Now that we have the fields that we want, and placed them in the layouts that we will be using, we need to define the QRadar integration instance from which we are fetching incidents.

1. Navigate to Settings -> Integrations and locate the IBM Qradar integration.

2. Click Add instance.

   1. Enter a name and credentials to connect to the QRadar instance.

   2. Select the Fetch incidents radio button.

   3. Under Incident type, select QRadar-Default. This will be used as the default incident type for any incidents that we do not classify.

   4. Click Done.

Classification and Mapping

Now that we are starting to ingest incidents from QRadar, we need to classify them so they are linked to the correct incident type. In addition, we need to map the attributes from QRadar events to the fields in the incident types.

1. From the Classification and Mapping page, we select the QRadar instance we have configured.

2. When prompted to load event data, select Pull from the QRadar instance. In our case, QRadar pulls 20 instances that we can review.

3. We select the description attribute as the key based on which we want to classify.

   

   We see that this results in 6 unique unmapped values out of the 20 events that were pulled.

4. We drag the values, for example, Access on RDP port and Access by honeypot user to the Access incident types.

   We'll place Multiple Login Failures for the Same User under authentication, and block listed hash detected in use under Malware.

   Ido port scan will go under Network and DJM will be left untouched.

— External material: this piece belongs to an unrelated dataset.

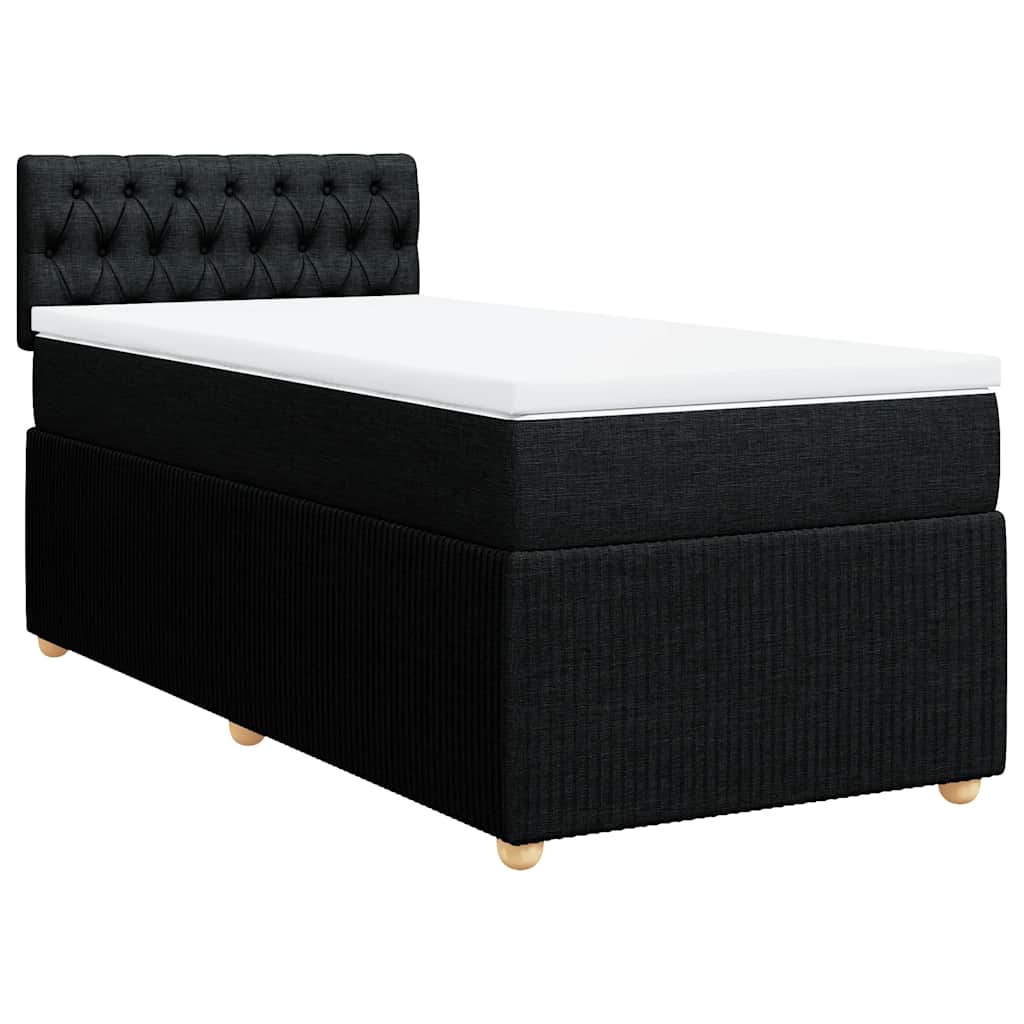 vidaXL Pat box spring cu saltea, negru, 100x200 cm, textil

Since we didn't provide any incident time for DJM, it will default to the incident type configured in the instance.

5. Save the classifier. Stopping here would mean that we have defined how events originating from QRadar are classified, but we still haven't mapped the event attributes to the fields in the incident types.

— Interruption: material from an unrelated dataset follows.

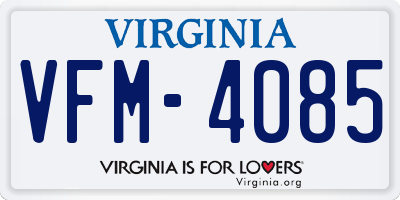 VA license plate VFM4085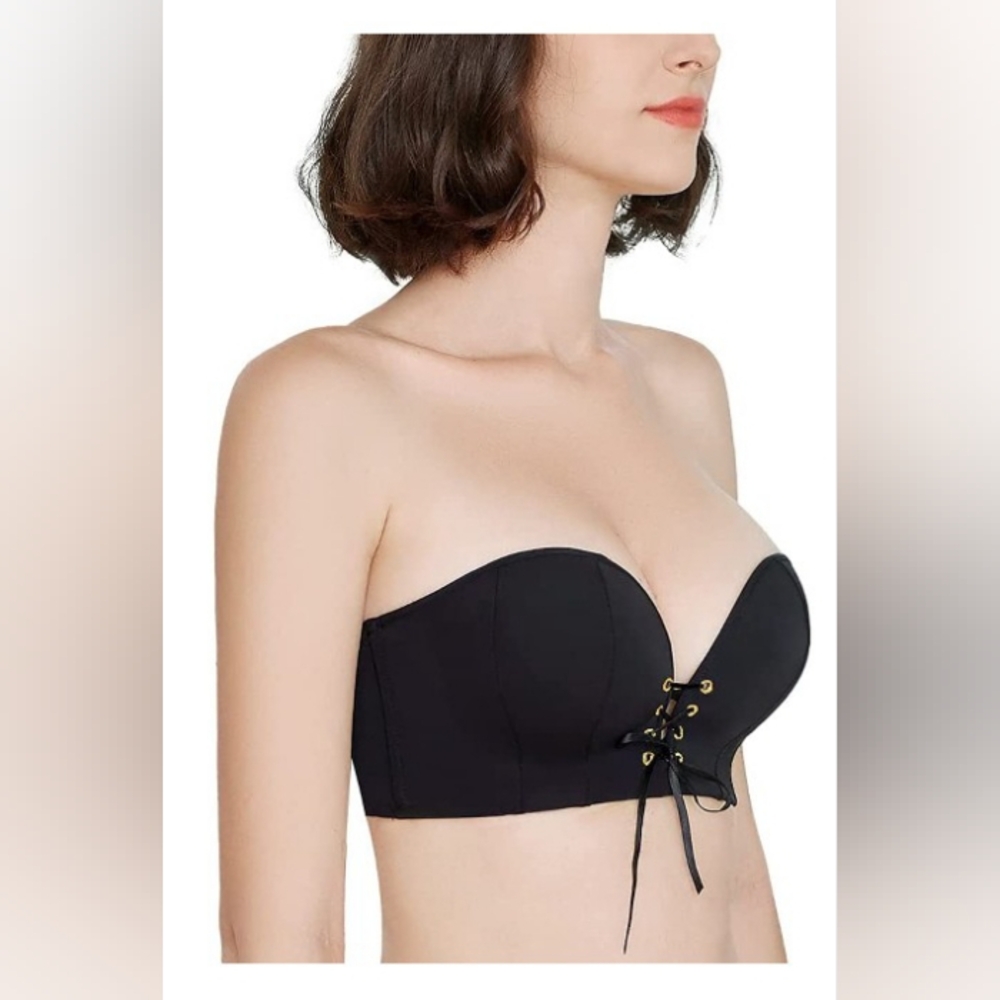 FallSweet Strapless Bra Push Up Padded  Add Two Cup Bra Size 34 Black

6. Click Create mapping to map the fields for an authentication event.

   On the left side of the screen we see all of the fields that are available in an Authentication incident type. On the right side of the screen, we see all of the attributes that are available from the events.

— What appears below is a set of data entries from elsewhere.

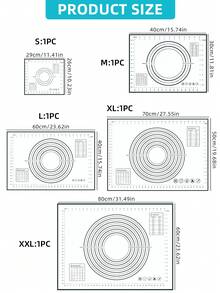 1 件装黑色硅胶揉面垫，带刻度，超大不粘糕点垫，防滑擀面垫，适用于厨房烘焙 - 黑色 - 查看 2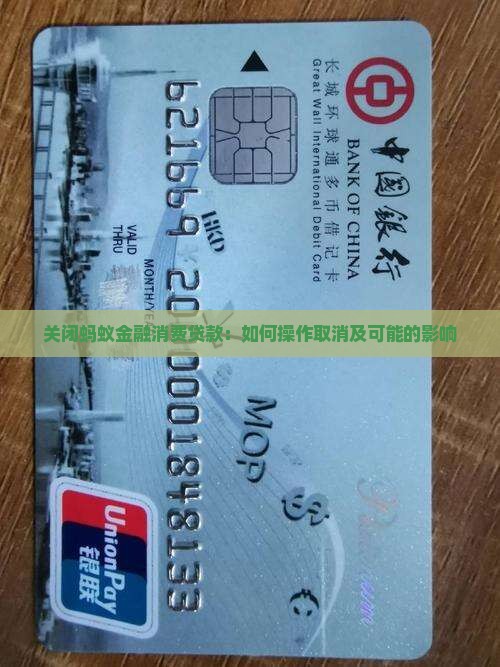 关闭蚂蚁金融消费贷款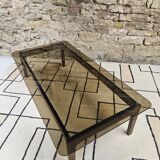 Table basse bois verre fumé vintage 1970"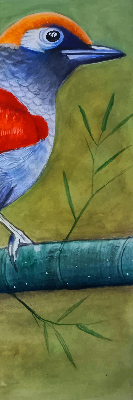 Rollo Fenster mit einem Vogel auf einem Ast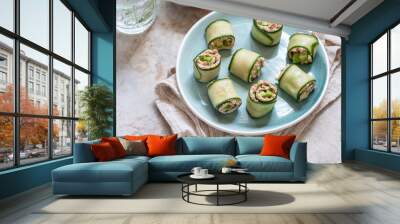 Cucumber roll with tuna, avocado and mayo chili sauce Wall mural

   1. Next to the Importance field, click Choose data path.

   2. From the QRadar attributes, click magnitude.

   3. Next to the details field, click Choose data path.

   4. From the QRadar attributes, click description.

   5. Click the curly brackets.

      1. In the Get field, enter description.

      2. Under Apply transformers on the field, click Add transformer.

      3. Under Transformer, click To upper case and select the To string (String) transformer.

      4. In the to field, enter an empty space followed by the string Failure Audit. It should look like this ( Failure Audit).

      5. Click the checkmark icon followed by OK.

   6. Next to the name field, click Choose data path.

      1. From the QRadar attributes, click description.

      2. Click the curly brackets.

      3. In the Get field, enter description.

      4. Under Apply transformers on the field, click Add transformer.

      5. Under Transformer, click To upper case and select the From string transformer.

      6. In the from field, enter a colon. It should look like this (from::).

      7. Click the checkmark icon followed by OK.

   7. Click Done.

   

7. Repeat this process for the Access incident type.

When incidents start flowing into Cortex XSOAR from the QRadar instance, we see that those that we classified are mapped to Access or Authentication, and those that we did not, are mapped to the Default-QRadar incident we created above.

Investigate an Incident

We can then go into one of our incidents, in this case an authentication investigation, and see how the changes we made to our layout and mapping are expressed in the incident itself. Notice that the incident name and details are based on the transformer that we created when we mapped the fields. And the Importance field, which was mapped to the magnitude attribute in QRadar is where we inserted it in the Case Details section.